"We must achieve the character and acquire the skills to live much poorer than we do. We must waste less. We must do more for ourselves and for each other. It is either that or continue merely to think and talk about changes that we are inviting catastrophe to make. The great obstacle is simply this: the conviction that we cannot change because we are dependant on what is wrong. But that is the addict's excuse, and we know that it will not do."
—Wendell Berry

Monday, 27 July 2015

What are you?

"What are you?" I was recently asked. A very Zen sort of question I thought and proceeded to give one of my usual smart arse replies. However, the young man appeared unsatisfied with my answer and explained that he meant to ask what sort of farmer I was? Was I "into" permaculture, organics, green living or self sufficiency for example?

I replied that I was none of these things.
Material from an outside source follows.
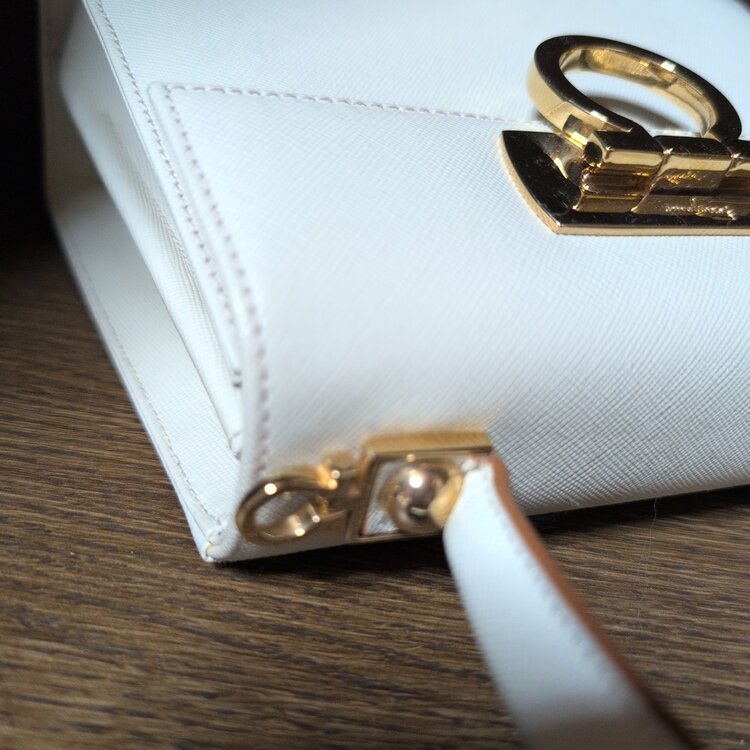 Ferragamo　ハンドバッグ（ブランドバッグ）の商品画像 - 査定依頼日：2026年2月11日 - 最高査定価格：13,000円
So let me make it clear. I consider myself a farmer. I grow food, real food, for my family. I do not use modern chemicals or fertilizers. Nor do I use modern high production methods for profit. I do use natural fertilizers and sprays I make myself. I make my own compost and keep nutrients on the farm. I know all of my animals and ensure their quality of life. I farm in a manner mankind has been using successfully for thousands of years!
I therefore call myself a farmer as opposed to the modern farming I refer to as "Chemical agriculture" which I believe is one of the greatest ills to beset the modern world.
I am not a Permaculturalist or Organic farmer. I do not follow the Green path or whatever name it has this week, I am not into Holistics and I am not self sufficient. We do not need any silly label for our lifestyle. I am a farmer, nothing more, and damned proud of it!

The milking stall explained

A little while ago a young lady asked me about keeping a house cow. The lady wants to "get into" permaculture (whatever that is) but was worried about the chore that is milking every day.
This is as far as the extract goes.